Task statement —
List each line of the data that holds the string "Stok".

*-*-*

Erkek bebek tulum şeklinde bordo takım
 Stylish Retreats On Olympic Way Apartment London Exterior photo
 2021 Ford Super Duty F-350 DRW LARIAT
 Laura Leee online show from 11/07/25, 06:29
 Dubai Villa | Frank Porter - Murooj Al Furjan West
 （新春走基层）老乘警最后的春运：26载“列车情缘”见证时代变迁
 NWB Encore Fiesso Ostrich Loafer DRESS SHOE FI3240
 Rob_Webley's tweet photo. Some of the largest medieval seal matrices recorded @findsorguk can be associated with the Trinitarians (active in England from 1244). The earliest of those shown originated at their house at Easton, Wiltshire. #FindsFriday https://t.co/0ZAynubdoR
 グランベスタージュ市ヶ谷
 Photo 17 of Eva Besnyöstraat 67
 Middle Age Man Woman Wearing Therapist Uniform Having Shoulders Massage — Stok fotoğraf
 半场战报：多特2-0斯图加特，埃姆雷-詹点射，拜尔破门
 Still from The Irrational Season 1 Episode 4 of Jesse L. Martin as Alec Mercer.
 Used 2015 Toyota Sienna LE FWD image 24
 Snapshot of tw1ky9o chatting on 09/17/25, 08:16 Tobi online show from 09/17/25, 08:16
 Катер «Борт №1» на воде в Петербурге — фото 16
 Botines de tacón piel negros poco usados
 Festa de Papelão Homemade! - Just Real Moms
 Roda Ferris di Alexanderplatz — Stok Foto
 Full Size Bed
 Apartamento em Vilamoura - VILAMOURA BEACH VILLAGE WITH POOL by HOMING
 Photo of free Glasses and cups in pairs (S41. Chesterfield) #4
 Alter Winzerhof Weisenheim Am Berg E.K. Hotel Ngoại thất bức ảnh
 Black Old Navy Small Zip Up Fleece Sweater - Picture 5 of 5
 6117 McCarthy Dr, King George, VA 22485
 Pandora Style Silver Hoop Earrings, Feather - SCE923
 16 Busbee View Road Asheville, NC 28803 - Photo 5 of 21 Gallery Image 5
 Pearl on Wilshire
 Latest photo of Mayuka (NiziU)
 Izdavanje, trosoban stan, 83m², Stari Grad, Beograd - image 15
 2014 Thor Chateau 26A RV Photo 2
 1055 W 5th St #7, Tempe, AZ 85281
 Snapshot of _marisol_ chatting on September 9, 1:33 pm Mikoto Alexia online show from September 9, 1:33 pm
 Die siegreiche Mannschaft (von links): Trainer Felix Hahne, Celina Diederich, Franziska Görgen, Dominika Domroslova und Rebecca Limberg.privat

*-*-*

Task solution —
 Middle Age Man Woman Wearing Therapist Uniform Having Shoulders Massage — Stok fotoğraf
 Roda Ferris di Alexanderplatz — Stok Foto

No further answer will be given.